▸ **Short descriptive text snippets**

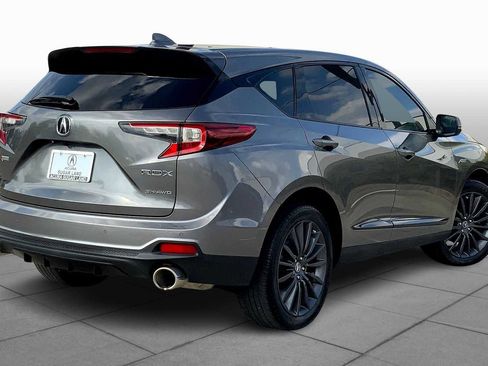 Used 2024 Acura RDX A-Spec image 23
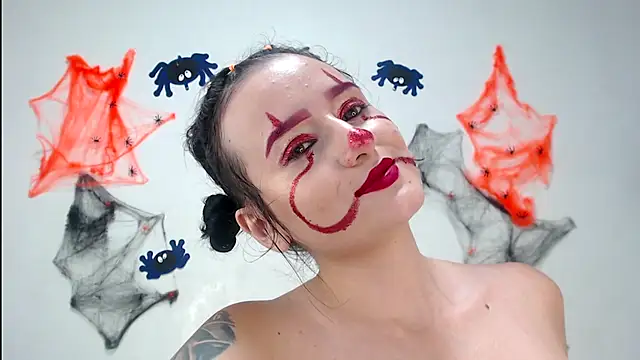 Sisirojas online show from October 17, 1:09 am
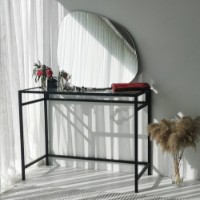 Зеркало Hanah Home Ayna White фото №5 — интернет-магазин Desire.md
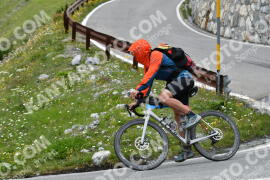 Photo #2250277 | 07-07-2022 15:23 | Passo Dello Stelvio - Waterfall curve BICYCLES
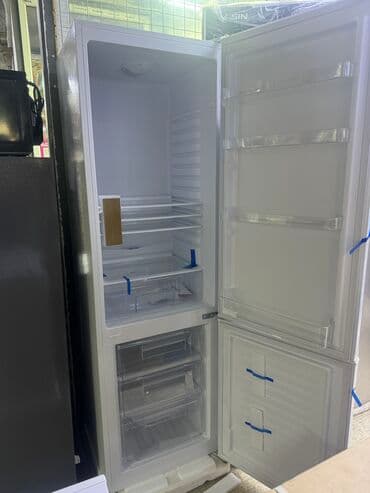 системы охлаждения термопасты: Холодильник Avest, Новый, Двухкамерный, De frost (капельный), 55 * 180 * 55 — 12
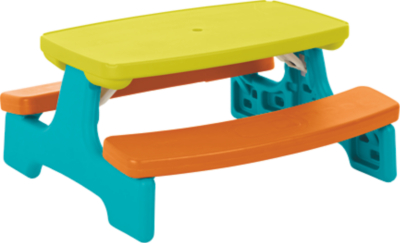 asda childrens garden table and chairs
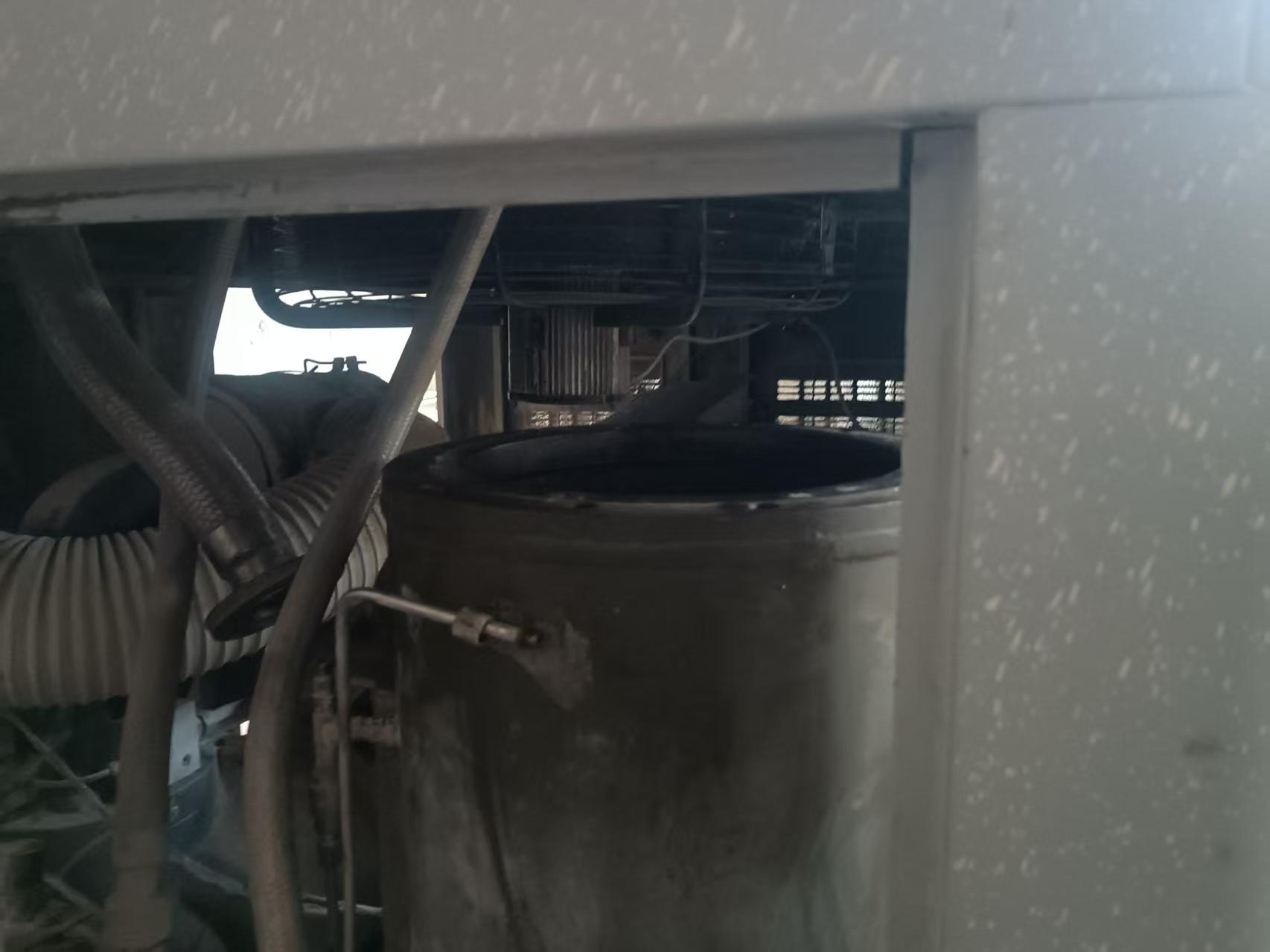 廈門某紡織廠空壓機保養(yǎng)(圖2)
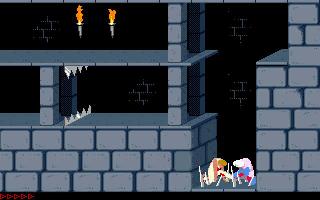 Screenshot - That wasn't a happy end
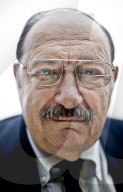 PORTRAIT - Umberto Eco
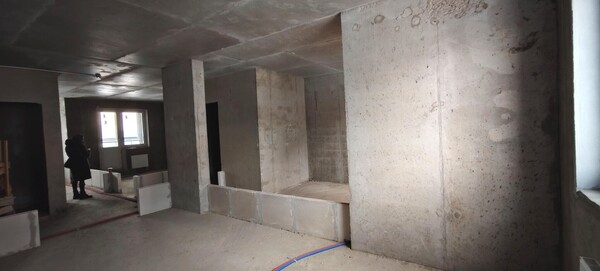 Продам многокомнатную квартиру, 6-я Радиальная ул, 7/6к3, Москва г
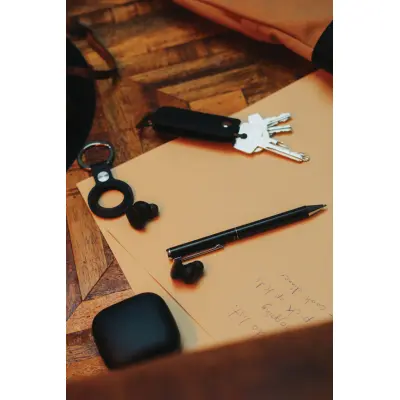 Set regalo deluxe SPTula 3 pezzi in rPU RCS, con stampa - Immagine 11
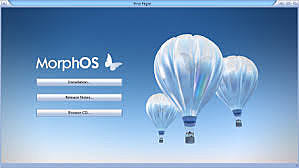MorphOS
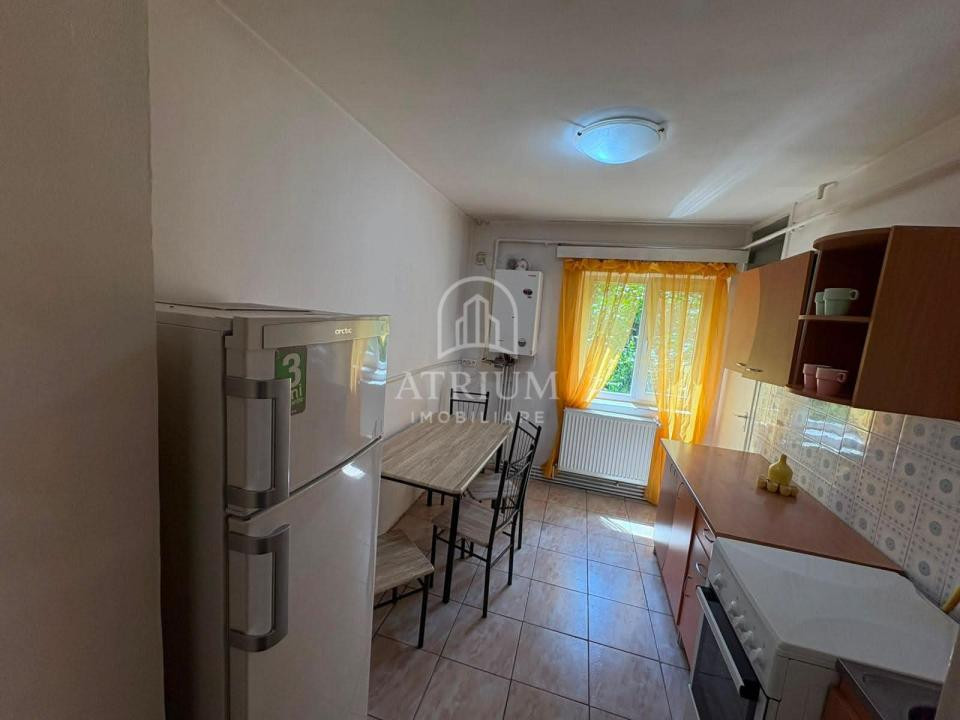 Apartament cu o cameră | Zona Titulescu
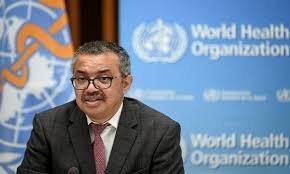 "الصحة العالمية" تعلن تقليص عملياتها وتسريح موظفين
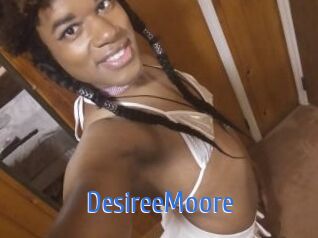 DesireeMoore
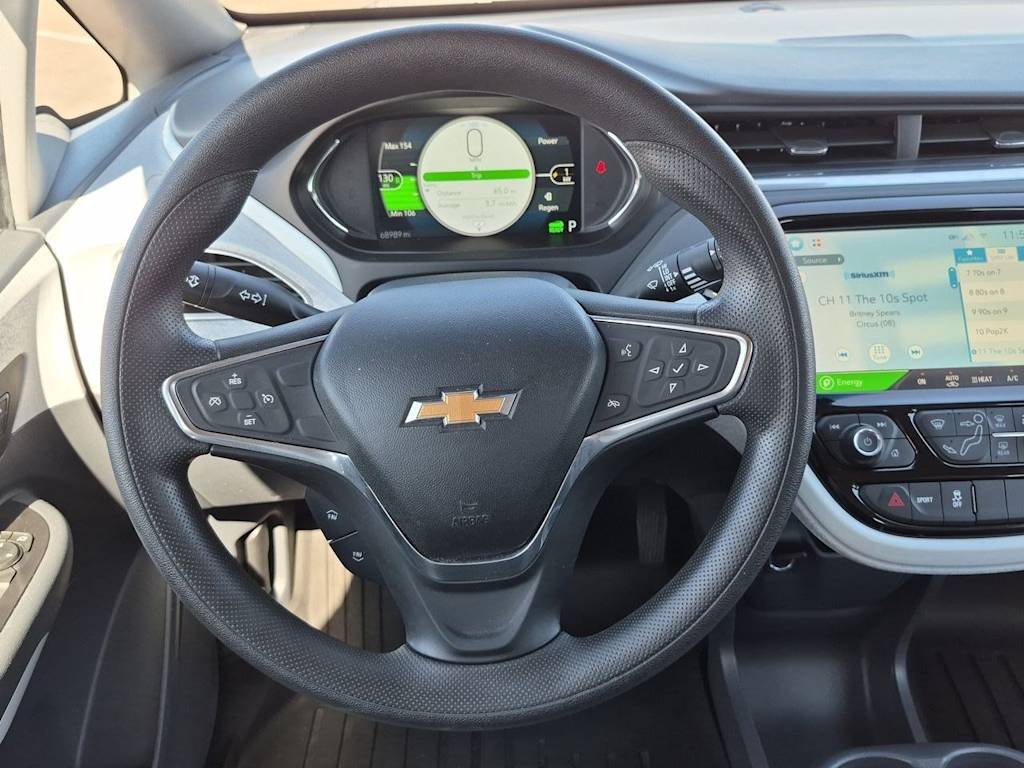 Thumbnail: 2020 Chevrolet Bolt EV - 13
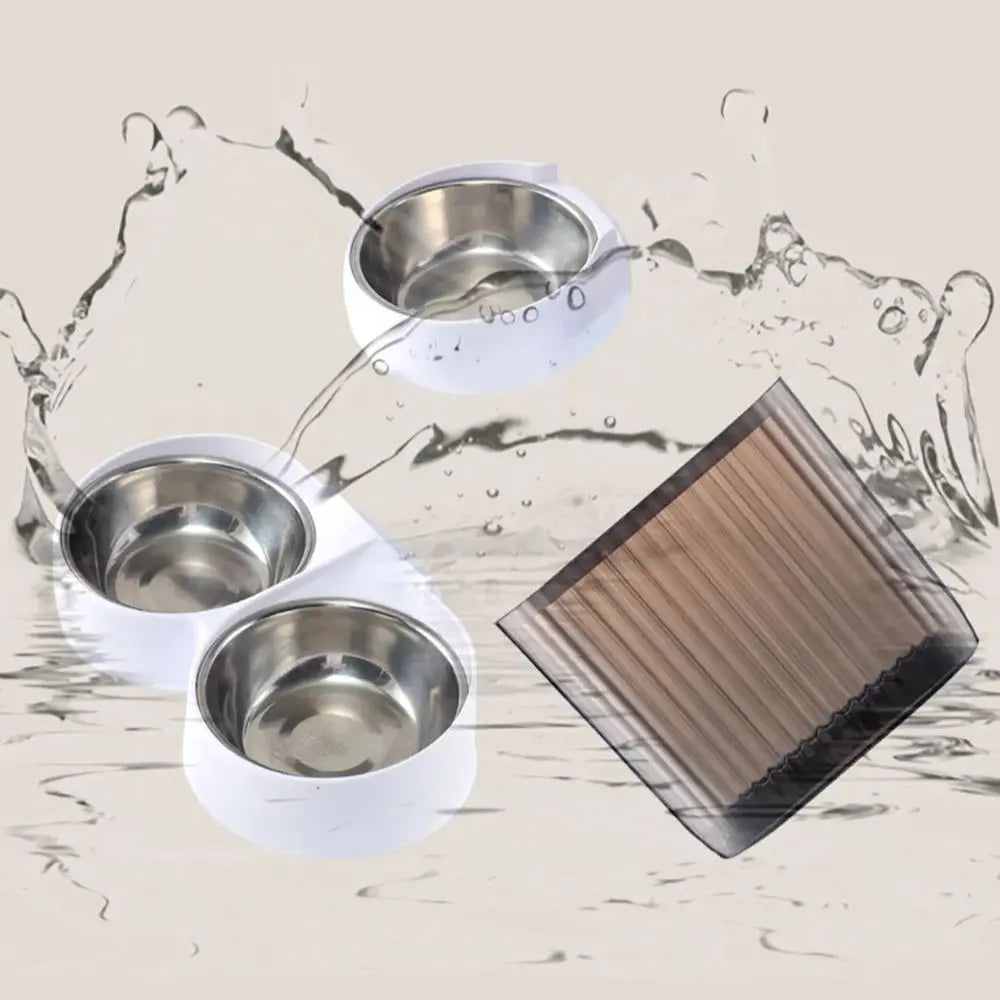 Smart Camera Pet Feeder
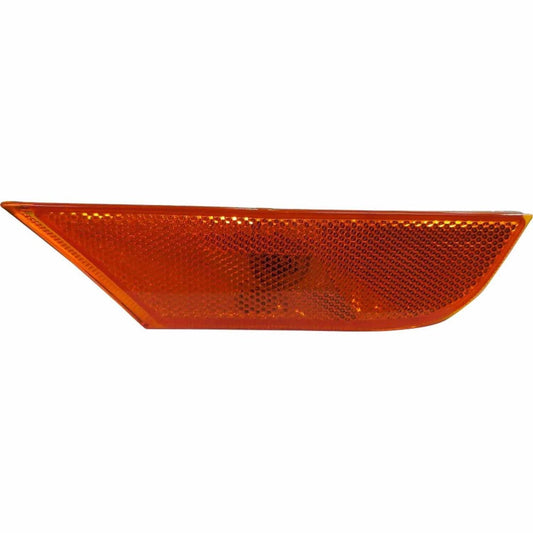 Front Right Front Passenger Side Side Marker Light Assembly 2018-2025 Honda Odyssey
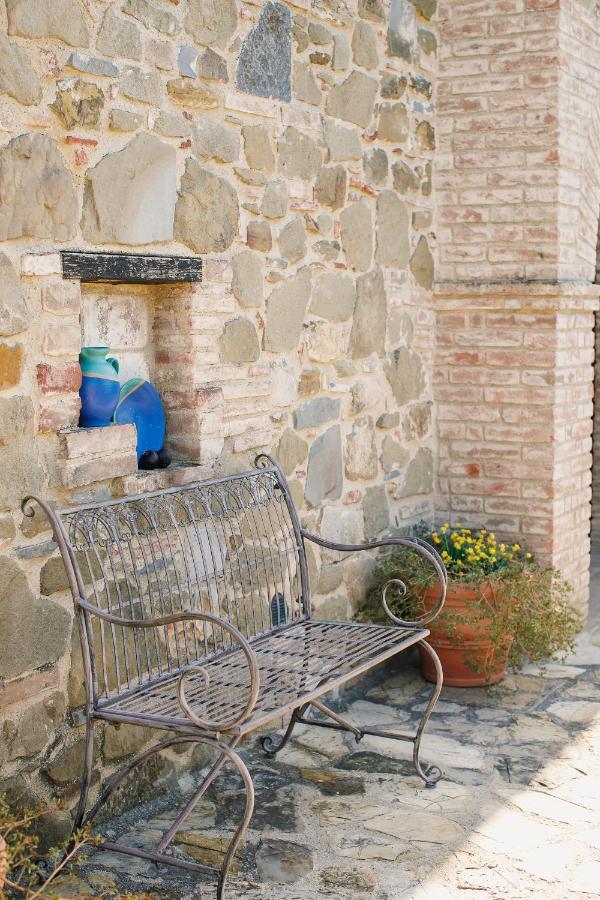 Casa Lorenzo Panicale Ngoại thất bức ảnh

▸ **Problem details**
The answer is the lines above, word for word, from the first one through the one containing "عملياتها وتسريح موظفين"; it includes no pictures.

▸ **Result below**
 Used 2024 Acura RDX A-Spec image 23
 Sisirojas online show from October 17, 1:09 am
 Зеркало Hanah Home Ayna White фото №5 — интернет-магазин Desire.md
 Photo #2250277 | 07-07-2022 15:23 | Passo Dello Stelvio - Waterfall curve BICYCLES
 системы охлаждения термопасты: Холодильник Avest, Новый, Двухкамерный, De frost (капельный), 55 * 180 * 55 — 12
 asda childrens garden table and chairs
 廈門某紡織廠空壓機保養(yǎng)(圖2)
 Screenshot - That wasn't a happy end
 PORTRAIT - Umberto Eco
 Продам многокомнатную квартиру, 6-я Радиальная ул, 7/6к3, Москва г
 Set regalo deluxe SPTula 3 pezzi in rPU RCS, con stampa - Immagine 11
MorphOS
 Apartament cu o cameră | Zona Titulescu
 "الصحة العالمية" تعلن تقليص عملياتها وتسريح موظفين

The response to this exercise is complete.